## Collected data
[Start of Attachment]
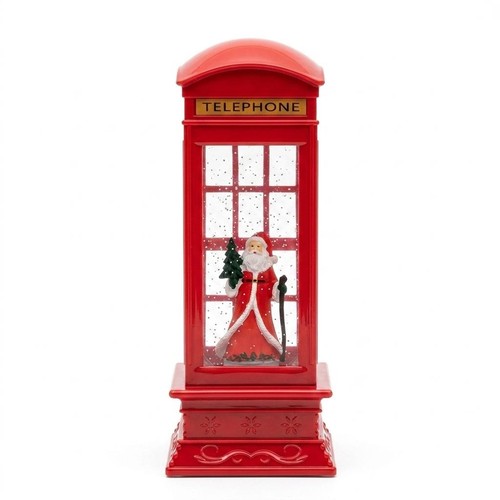 Led santa phone box - in,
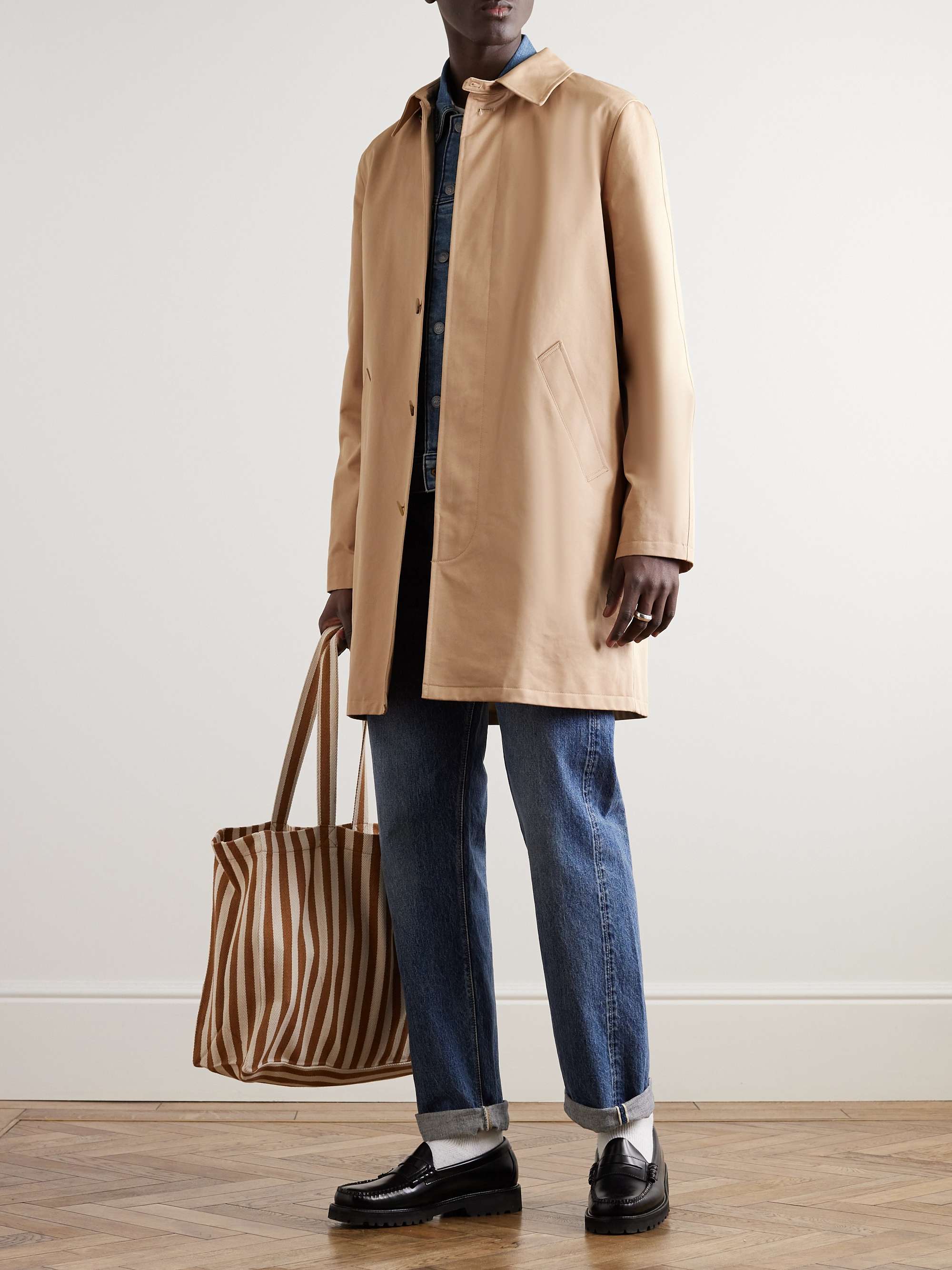 A.P.C. Cotton-Twill Trench Coat for Men | MR PORTER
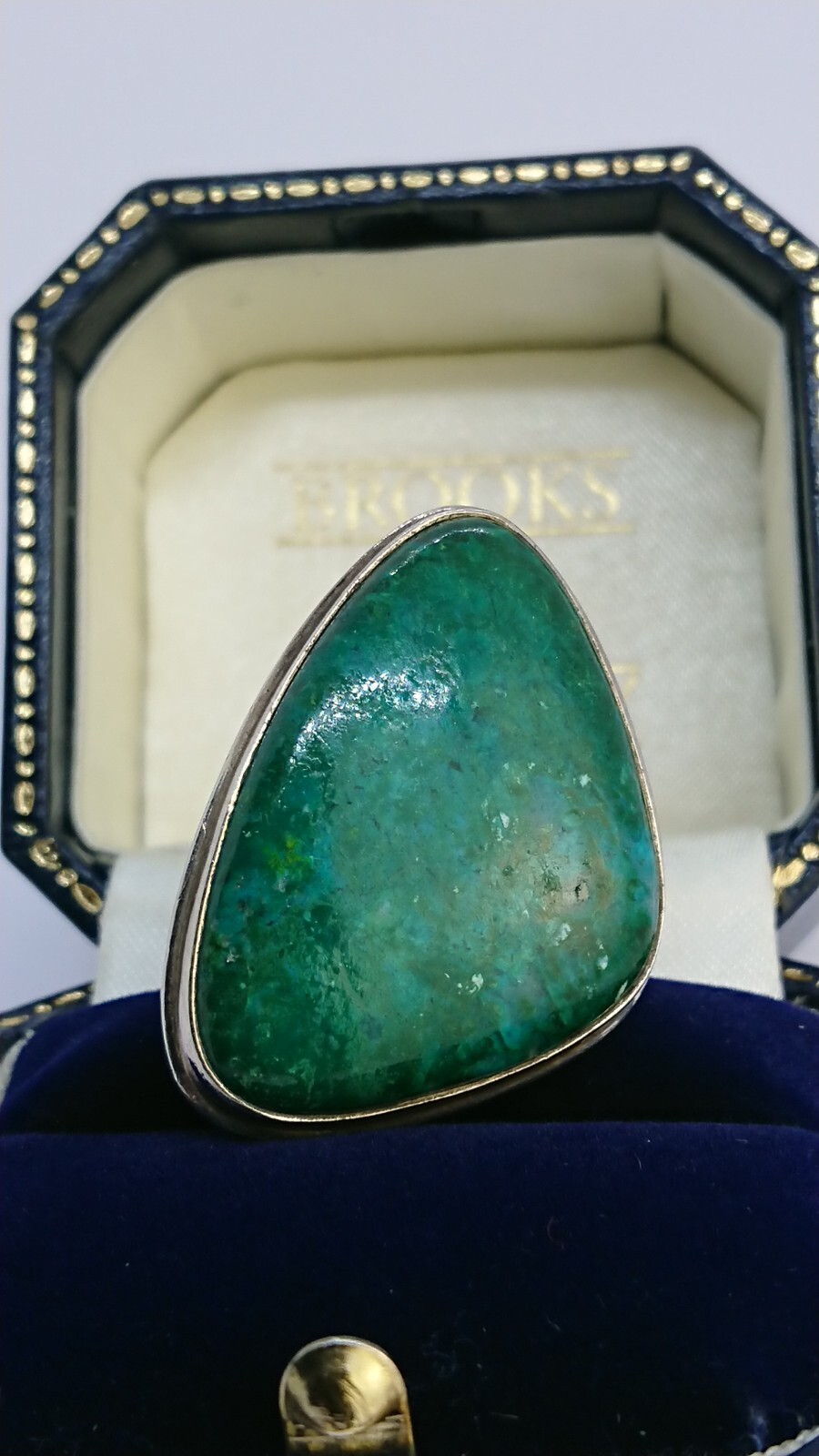 Chrysocolla Ring 925 Silver Statement Ring Chryso… - image 6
[End of Attachment]
## Exercise details
Copy out the material word for word, without any images.

## Expected answer
 Led santa phone box - in,
 A.P.C. Cotton-Twill Trench Coat for Men | MR PORTER
 Chrysocolla Ring 925 Silver Statement Ring Chryso… - image 6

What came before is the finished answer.